> **REQUIREMENT**:
Produce a word-for-word copy of the lines from the one that contains "Welcome back to" to the final line of the data below, with all pictures dropped.

> **THE INPUT**:
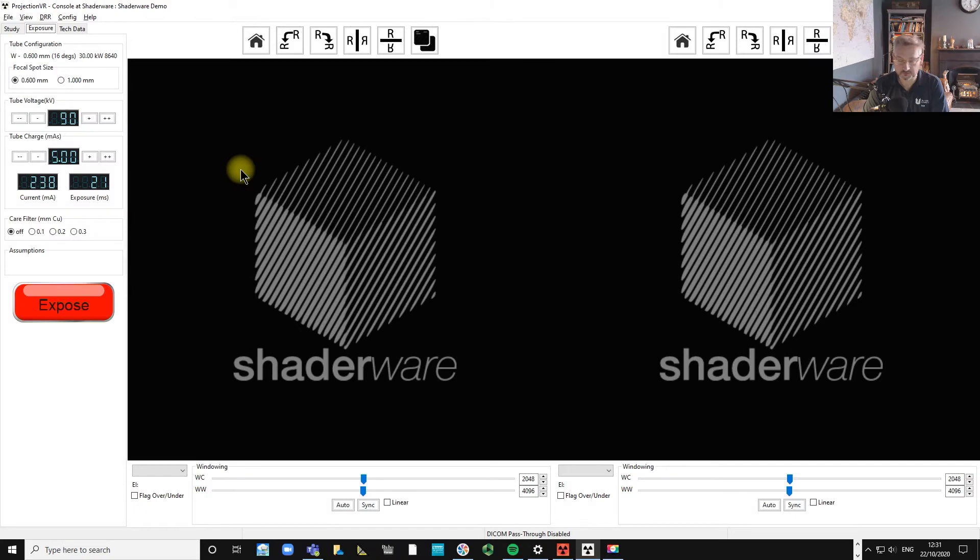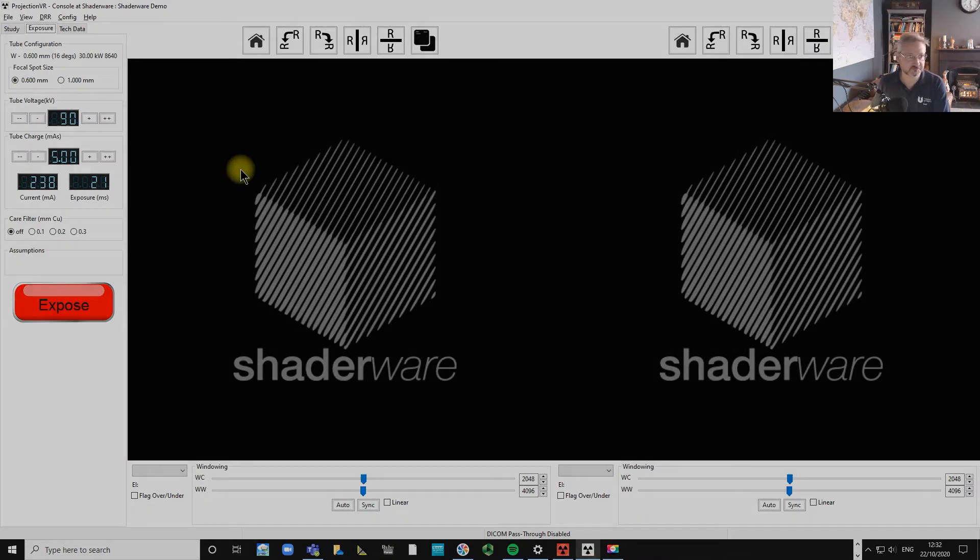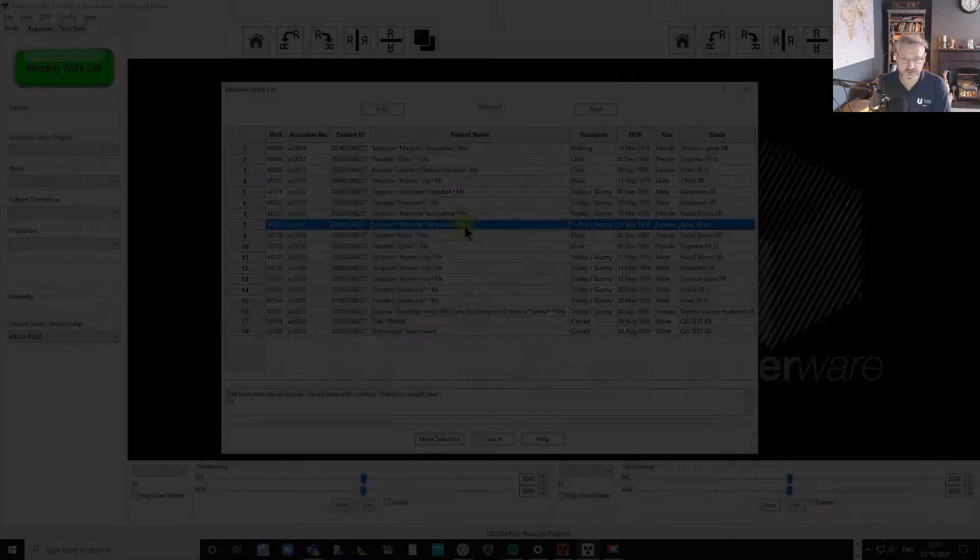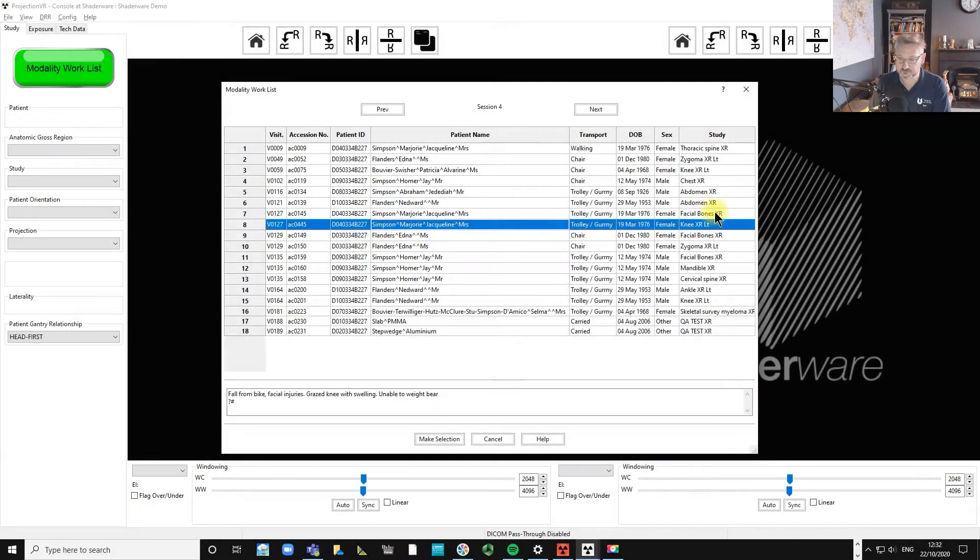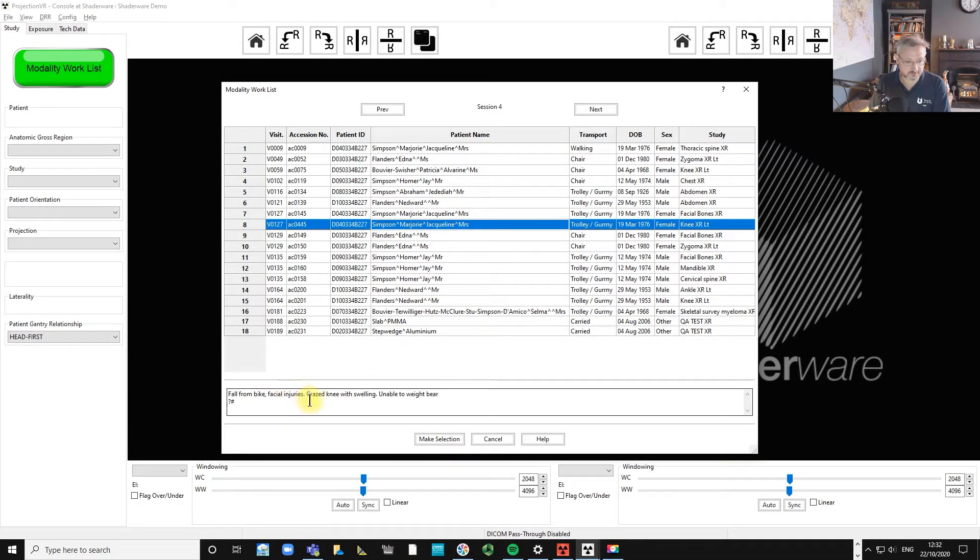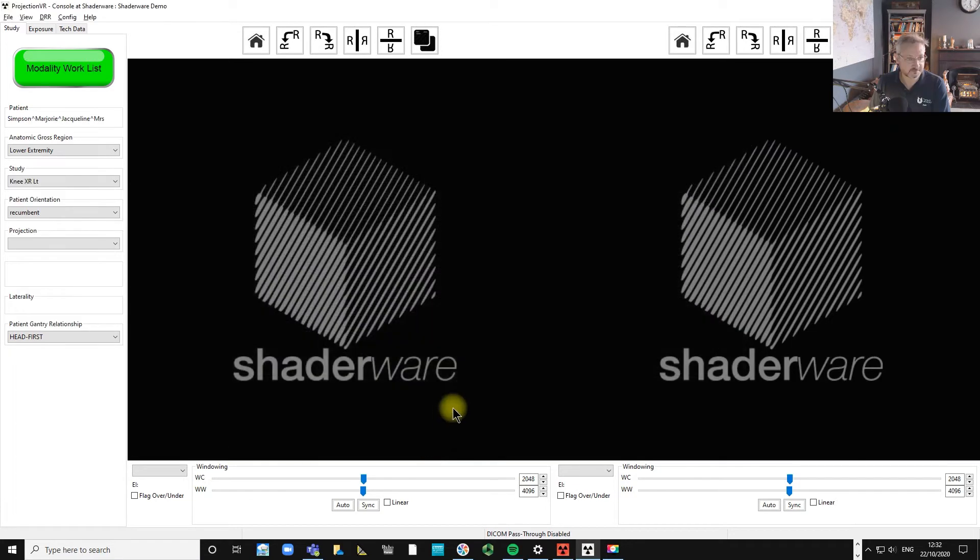In this video we're going to look at horizontal beam lateral projections of the knee. Jacqueline Marjorie Simpson, born 1976, she's fallen from her bike, she's grazed her knee with swelling and she's unable to weight bear. Query fracture.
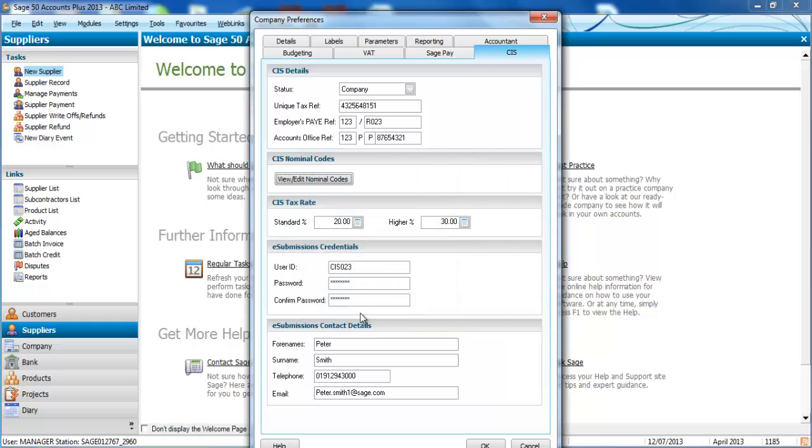You'll also notice that you've got the option to enter your e-submissions credentials for HMRC's Government Gateway which means that we're going to be legislatively compliant and you can submit accurate CIS submissions directly through this software.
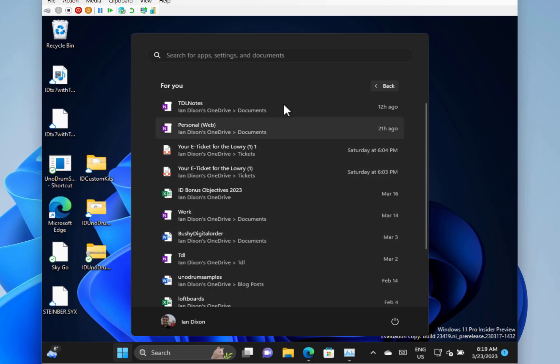So another change here is the recommended section is now called for you. I think it'd make it more perhaps more personal. It's just a wording change but you can see that that's been changed.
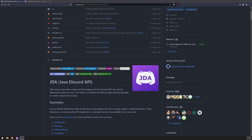Welcome back to a brand new video. In this video I'm going to be teaching you all how to get started with creating a Discord bot and developing it using the Java language. So we're going to be using the Java Discord API, also known as JDA.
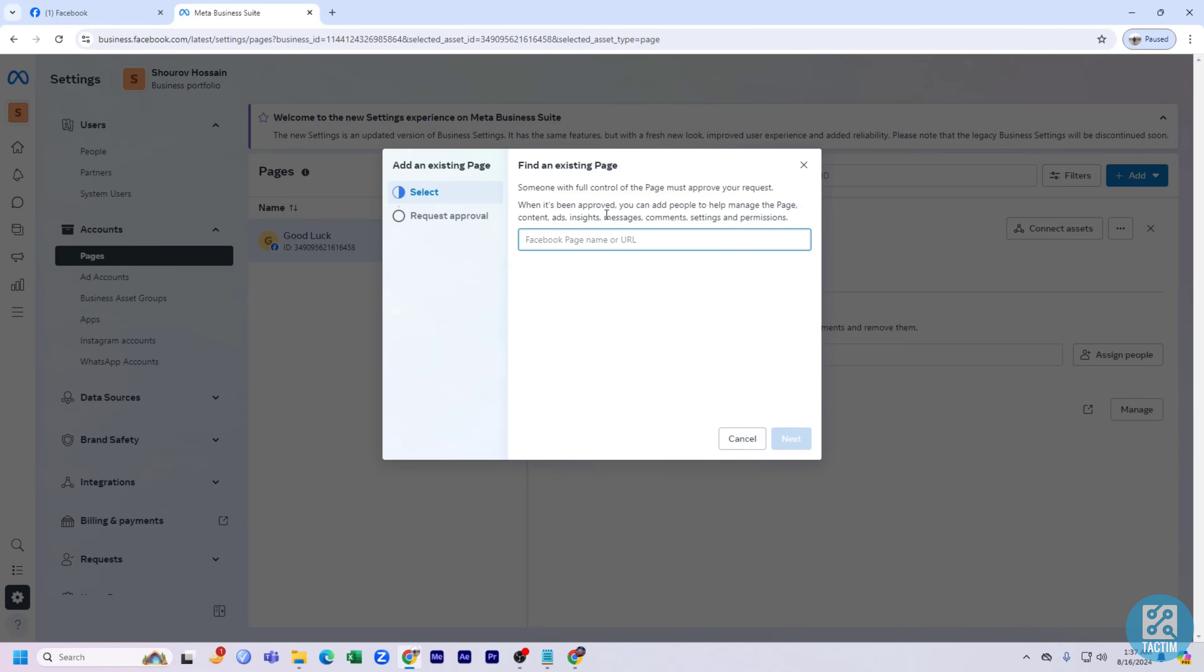After giving your Facebook page name, the one who has full control of the page must need to approve your request. And after that, you can just add Facebook page to your Meta Business Suite.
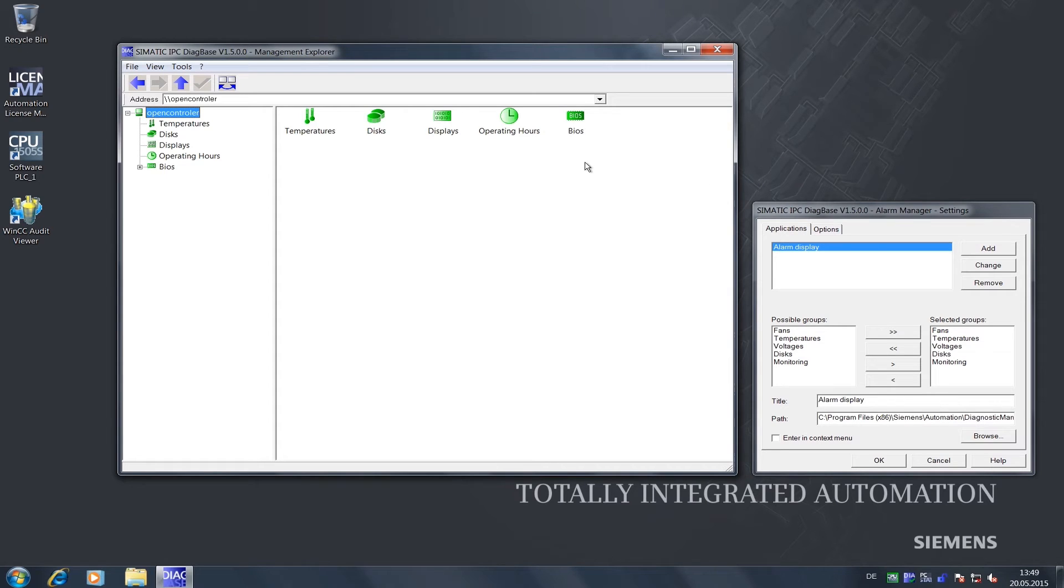The available monitoring functions include Data Carrier Diagnostics and Temperature Monitoring.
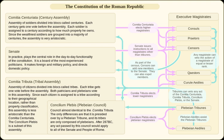Each of the five property classes were divided equally between centuries of younger and centuries of older soldiers. The first class of enlisted soldiers consisted of eighty centuries; classes two through four consisted of twenty centuries each; and class five consisted of thirty centuries. The unarmed soldiers were divided into the final five centuries: four composed of artisans and musicians, while the fifth century consisted of people with little or no property.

> **OUTPUT FOR THIS TASK**:
Welcome back to a brand new video. In this video I'm going to be teaching you all how to get started with creating a Discord bot and developing it using the Java language. So we're going to be using the Java Discord API, also known as JDA.
After giving your Facebook page name, the one who has full control of the page must need to approve your request. And after that, you can just add Facebook page to your Meta Business Suite.
The available monitoring functions include Data Carrier Diagnostics and Temperature Monitoring.
Each of the five property classes were divided equally between centuries of younger and centuries of older soldiers. The first class of enlisted soldiers consisted of eighty centuries; classes two through four consisted of twenty centuries each; and class five consisted of thirty centuries. The unarmed soldiers were divided into the final five centuries: four composed of artisans and musicians, while the fifth century consisted of people with little or no property.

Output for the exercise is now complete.